Represent a reading of a piece of text.

We have multiple readers and of course many thousands of pieces of text content. Each entry in this table applies to a given reader applied to a given pieces of content.

As such, the primary ID is a hash constructed from the text content ID prepended with integers that are assigned to each reader-reader version pair. The function generate_reading_id implements the particular process used. The reader numbers are assigned in the readers global, and the reader version number is the index of the version listed for the given reader in the reader_versions dictionary in the same module.

Size: very large

Basic Columns

  • id bigint PRIMARY KEY: A hash ID constructed from a reader number, reader version number, and the text content ID of the content that was read.

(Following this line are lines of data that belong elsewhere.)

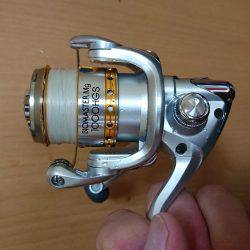 和歌山太刀魚調査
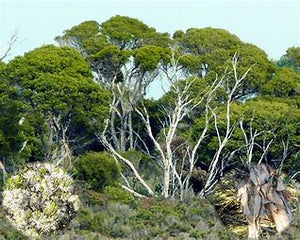 Melaleuca halmaturorum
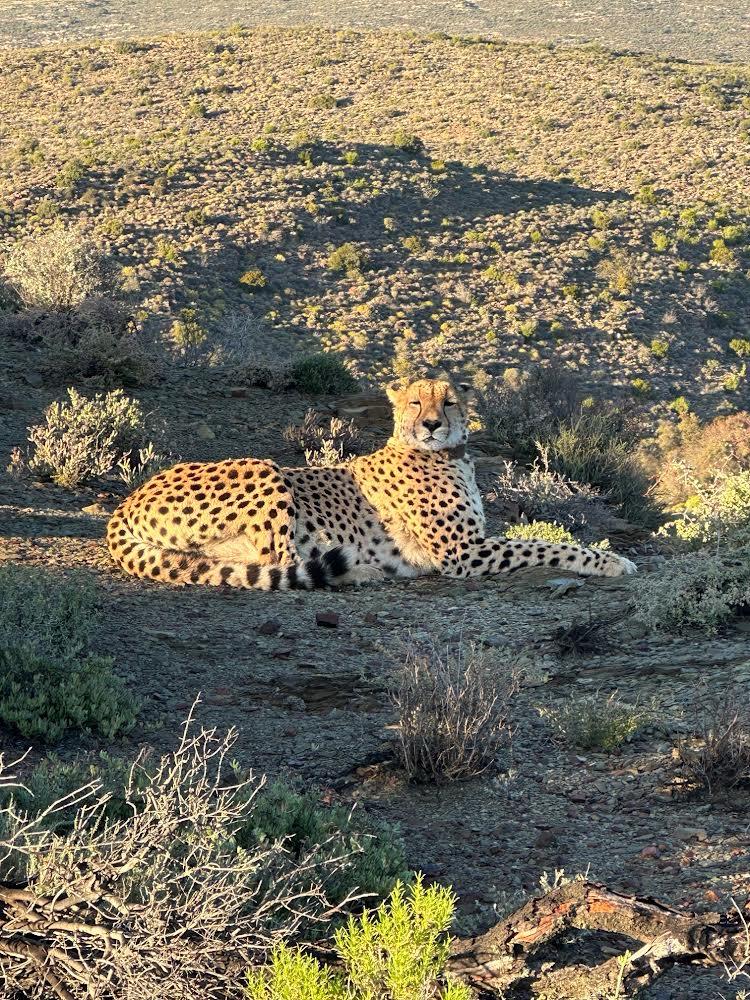  American guests who stayed at Sanbona Game Reserve, just a scenic three-hour drive from Cape Town, immersed themselves in the breathtaking beauty of this renowned wildlife sanctuary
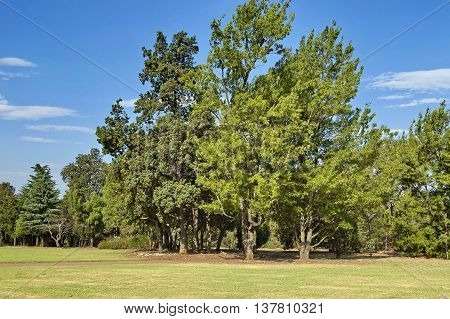 Beautiful landscape of Emmarentia park in Johannesburg, South Africa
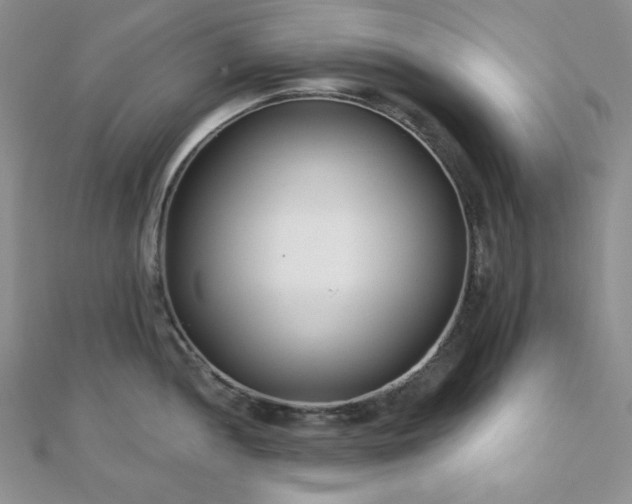 X0000110921052200906181405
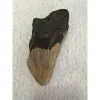 Megalodon Partial Tooth  South Carolina 5.57 inch Prehistoric Online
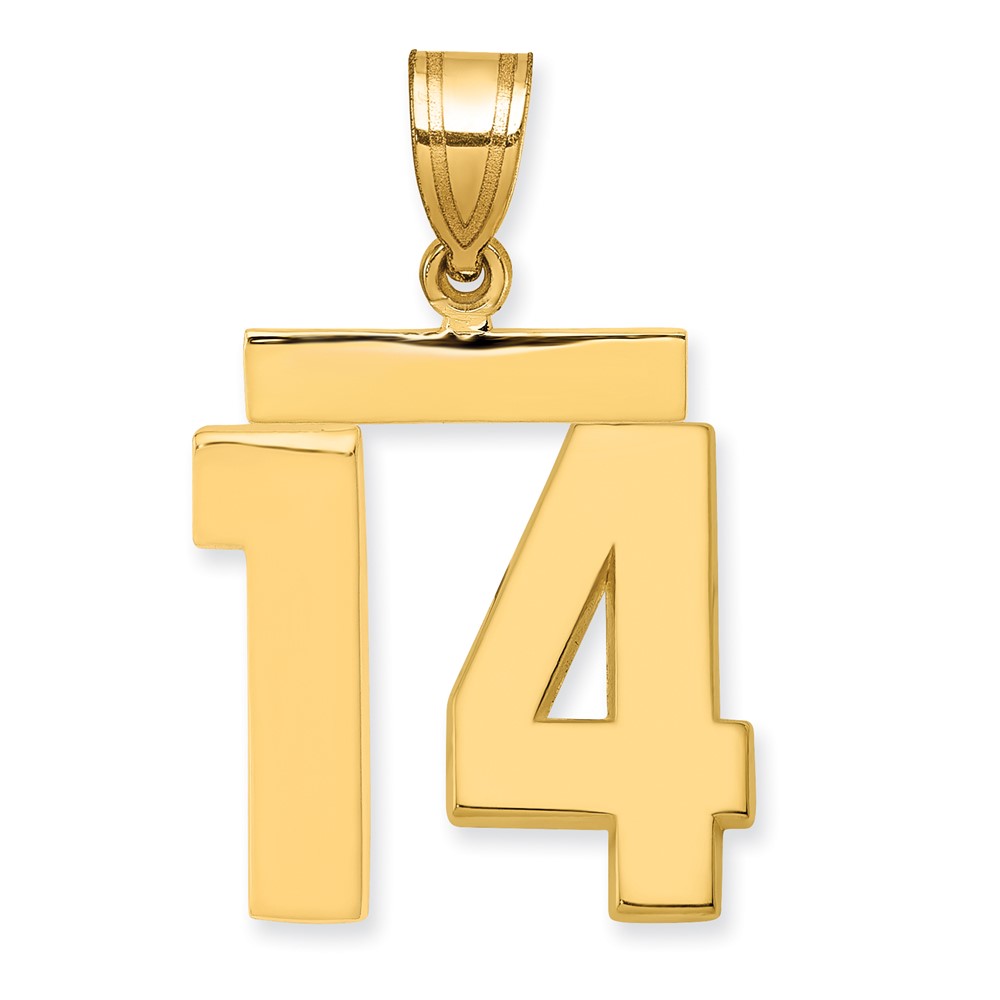14K Yellow Gold Medium Polished Number 14 Charm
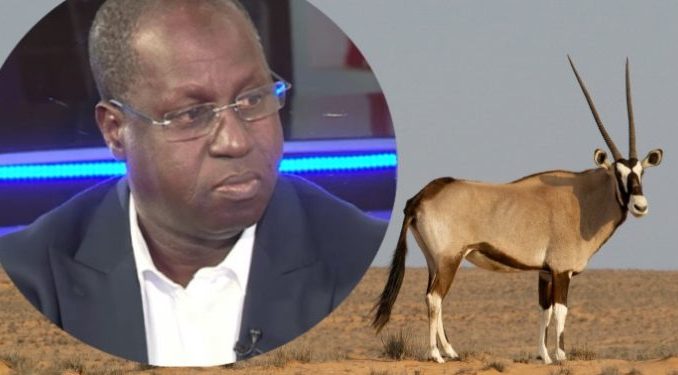 El Hadj Cheikh Anta Seck «Apres Abdou Karim Sall il y’a aussi un autre ministre qui a pris des gazelles Oryx… »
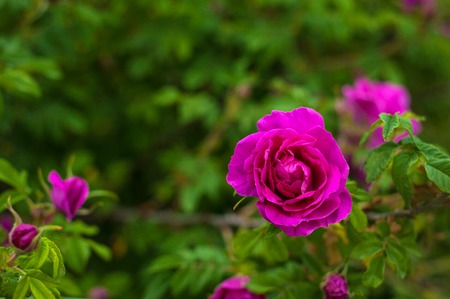 Pink roses with buds on a background of a green bush in the garden. Beautiful pink flowers in the summer garden.の写真素材
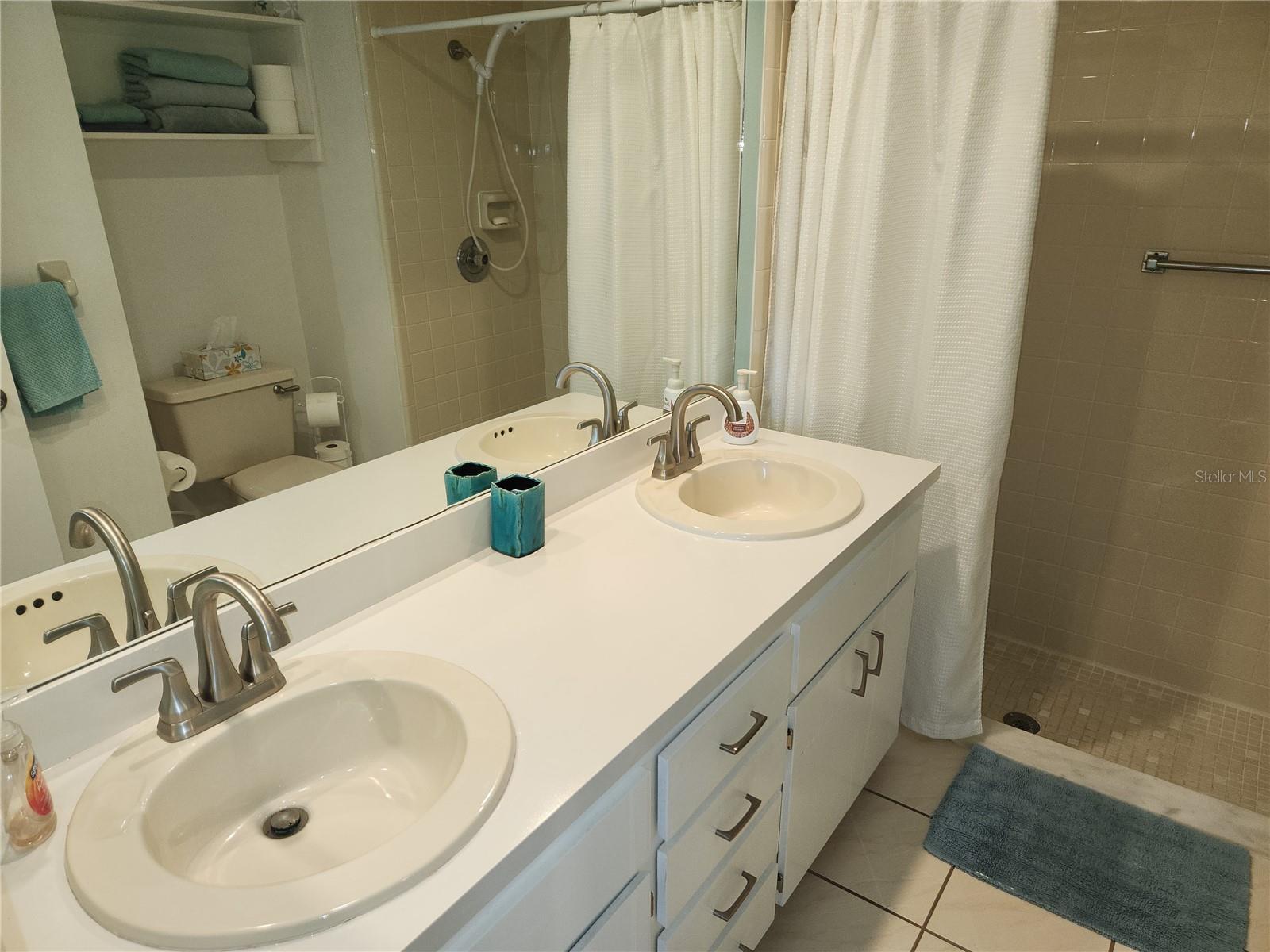 6580 BRAMBLELEAF DR, SPRING HILL, FL, 34606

  • text_content_id integer NOT NULL: A foreign-key constrained reference to the appropriate entry in the text_content table.

  • batch_id integer NOT NULL: A simple random integer (not unique) that is assigned each batch of inserted readings. It is used in the moments after the insert to easily retrieve the content that was just added, potentially plus some extra.

  • reader varchar(20) NOT NULL: The name of the reader, e.g. “REACH” or “SPARSER”.

  • reader_version varchar(20) NOT NULL: The version of the reader, which may be any arbitrary string in principle. This allows each reader to define its own versioning scheme.

  • format varchar(20) NOT NULL: The file format of the reading result, e.g. “XML” or “JSON”.

  • bytes bytea: The raw compressed bytes of the reading result.

Metadata Columns

  • create_date timestamp without time zone: The date the record was added.

  • last_updated timestamp without time zone: The most recent time the record was edited.

Constraints

Postgres is extremely efficient at detecting conflicts, and we use this to help ensure our entries do not have any duplicates.

  • reading-uniqeness: UNIQUE(text_content_id, reader, reader_version)

db_info()[source]

Represent the provenance and metadata for an external knowledge base.

INDRA DB takes content not just from our own readings but also merges that with many pre-existing knowledge bases, many of them human curated. These knowledge bases are defined and managed by classes contained in knowledgebase_manager.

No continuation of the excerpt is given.